Подумав  об одной из сравнительно поздних книг, написанных уже после Заката, он  заставил ее проявиться в субреальности своего сознания. Уже раскрытой на  нужной странице. За прошедшие годы его навыки в управлении миром своего  сознания серьезно возросли, и это не составило ему особого труда.

—  Ты упоминала город, рядом с которым построена твоя тюрьма. Гмундн. Так  вот, в текстах, описывающих Возрождение цивилизации, я встретил это  название!

Ильмадика посмотрела на него неверящим взглядом, и сердце юноши забилось чаще.

— Ты хочешь сказать...

— Да! Я знаю, где искать информацию о нем! Найдя его, я смогу освободить тебя!

Продолжить мысль ему не дали. Мгновенно переместившись, Владычица страстно поцеловала его в губы.

Как-то  так сложилось, что Килиан никогда не задумывался, как целуются боги. И  если бы кто-то попросил его описать это — хоть до того, хоть после, —  едва ли его красноречия хватило бы на что-то большее, чем «Ну, наверное,  божественно».

Поцелуй Ильмадики этому  описанию вполне отвечал. Стоило ее губам коснуться его, как он ощутил  себя особенным, избранным, — и это ощущение целебным бальзамом ложилось  на израненную душу бастарда.

По крайней мере, тогда он видел это так.


Когда  она вновь дотронулась до него, тело Килиана охватило насыщенное  фиолетовое сияние. Как будто огонь сжигал его плоть; но при этом этот  огонь не обжигал. Скорее приятно щекотал.

Постепенно  это ощущение щекотки становилось сильнее и уже причиняло определенный  дискомфорт. Но Килиан не жаловался и не дергался. Владычица Ильмадика  оделила его своим даром, и это само по себе было поводом для подлинного  счастья.

Минуту спустя чародей  почувствовал боль. Боль во всем теле, как будто в него вонзили миллиарды  мельчайших иголок. Он закричал, но мгновением позже боль исчезла,  сменившись невероятным наслаждением. Наслаждением, которого он не  испытывал никогда в жизни; похожим на сексуальный экстаз, но в сотни, в  тысячи раз сильнее.

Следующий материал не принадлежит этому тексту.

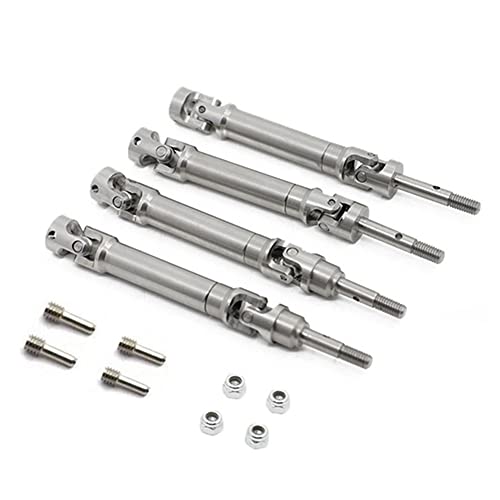 Jufjsfy 4 Stück Antriebswelle aus Edelstahl aus CVD-Metall für 1/10 Slash Stampede VXL 4WD Teile Upgrade Auto Fernbedienung von Jufjsfy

Оно тоже продлилось  считанные секунды, сменившись яростным воодушевлением, подобным  величайшей из битв. Мощнейший выплеск адреналина. Когда лишь полоса  стали отделяет тебя от смерти. Лишь полоса стали и собственное  мастерство. Это было ощущение, по-настоящему кружащее голову.  Одновременно прекрасное и пугающее.

Снова  боль. Снова щекотка. Снова наслаждение. Снова воодушевление. И снова. И  снова. И снова. Ощущения сменялись все быстрее, и Килиан уже просто не  успевал их отслеживать. Его мозг не понимал, как ему реагировать на них,  они перемешивались, подобно молекулам в зарождающейся звезде. В  какой-то момент смена ощущений стала странным образом складываться в  слова:

«Люби меня. Думай обо мне. Служи мне»

Ученый  не слышал этих слов ушами: казалось, он слышал их всем телом. Каждая  клеточка, изменяясь, говорила ему это. Говорила на языке ощущений,  древнейшем из всех языков.

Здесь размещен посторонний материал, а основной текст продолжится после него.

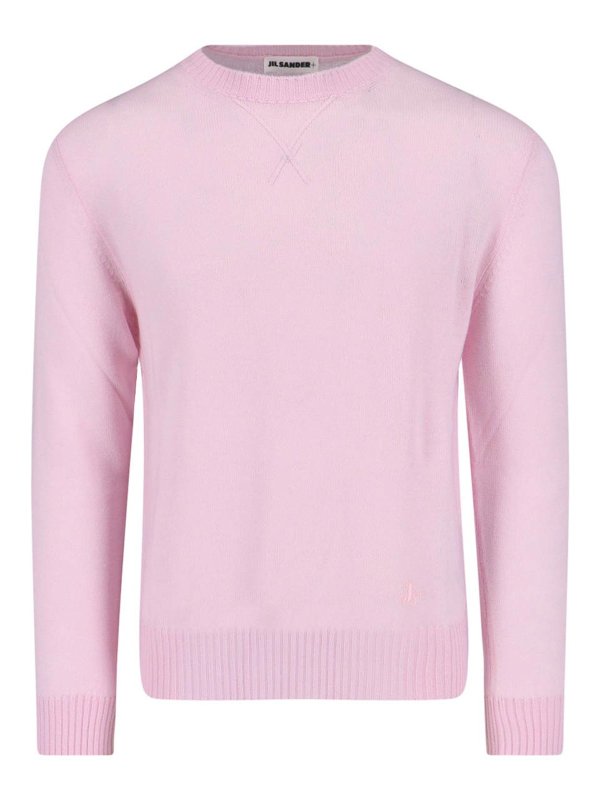 JIL SANDER: クルーネック - クルーネック - ヌードカラー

«Желай меня. Восхищайся мной. Подчиняйся мне»

Эти  слова не подавляли его мыслей. Лишь вскрывали то, что Килиан чувствовал  в себе с того самого момента, как впервые увидел её — тогда, в  лаборатории. Так есть ли смысл отрицать то, что уже давно часть тебя?  Есть ли смысл бороться с собственной рукой или с собственными глазами?

«Будь частью меня. Будь моим продолжением. Будь мною»

Меч уже был у него в руках. Сделав шаг  вперед, гвардеец ударил. Быстро, с минимальным замахом, целясь в горло  богини. Ограниченная дверями лифта, она не могла отпрыгнуть назад и не  успевала воспользоваться заклинаниями.

Однако  на пути Тэрла вдруг оказался Килиан. Ученый переместился с такой  скоростью, что казалось, он телепортировался. Его кулак врезался в грудь  воина, отбрасывая его метра на три назад и опрокидывая навзничь.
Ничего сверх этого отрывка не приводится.